Rathod returned to the center of the frame one last time.

"What happens next isn't up to me," she said. "We've shown what we found. We've named who was responsible. From here on, the system has no excuse."

She straightened slightly.

"This is Anchal Rathod," she said. "We did what we could do. Now the system must do its own."

She reached forward and cut the feed herself.

The screen went black.

Underground Level 10 fell into a different kind of quiet. The hum of generators remained. Footsteps echoed. Orders were given softly now, efficiently.

Rathod turned to her team. "Secure the exits," she said. "No one in, no one out unless they're cleared. Protect the rescued."

Someone nodded and moved.

She hesitated, then added, more quietly, "And if Shivam and the others don't come back…"

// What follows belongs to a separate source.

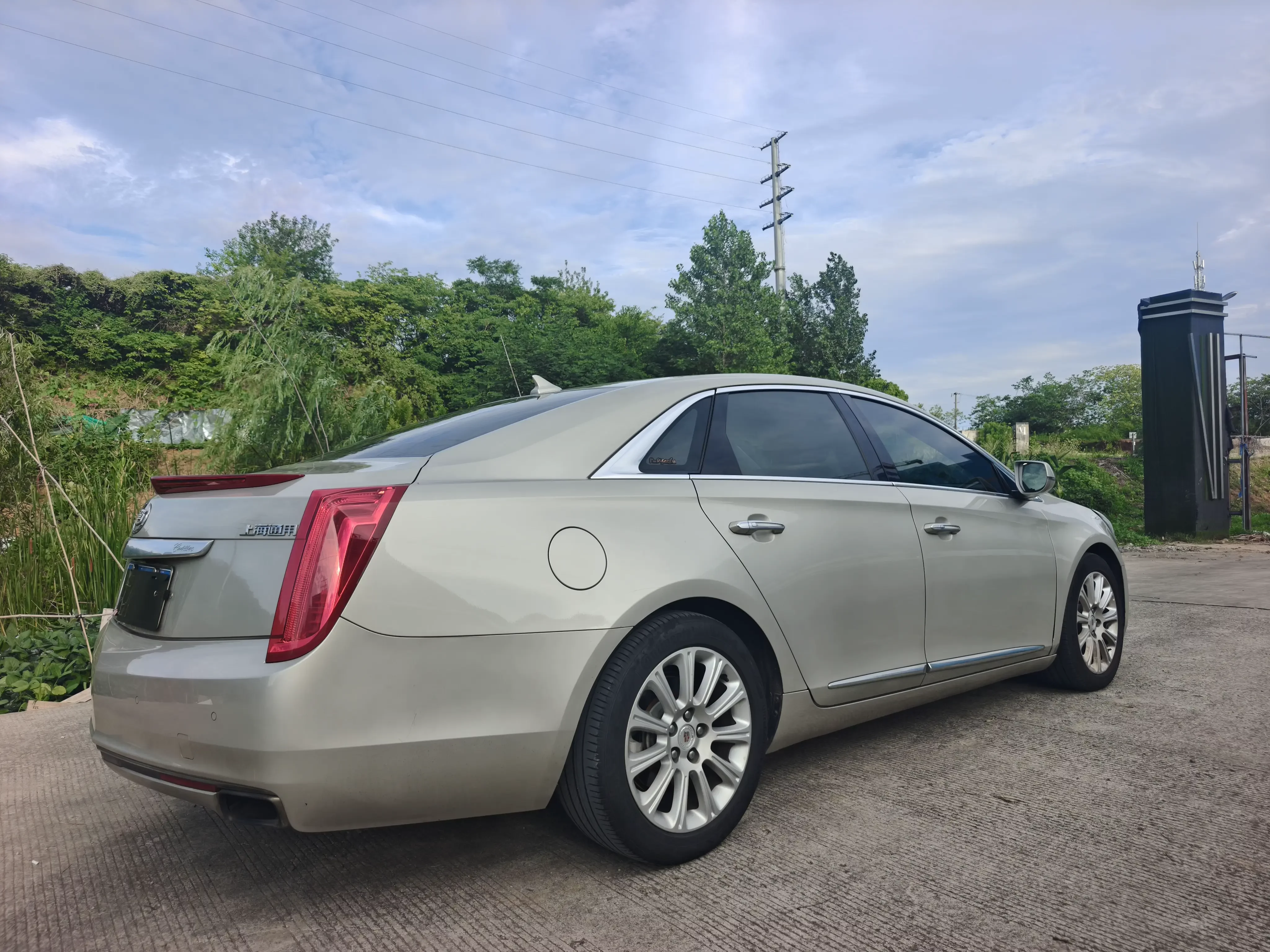 Cadillac XTS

The sentence hung there, unfinished. No one pushed her to complete it.

Far above them, deep in the heart of SynerTech, the black screens flickered back to life on a single terminal.

Kairav stared at the alert as it populated line by line, each word a hammer blow.

PUBLIC EXPOSURE CONFIRMED.

NATIONAL BROADCAST VERIFIED.

GOVERNMENT INTERVENTION INITIATED.

His breath hitched.

Somewhere in the building, alarms changed pitch. Elevators locked. External access codes revoked themselves in cascading failures.

The clock on his console sped up, numbers ticking faster than they should have.

Time, which he had tried so hard to control, was no longer on his side.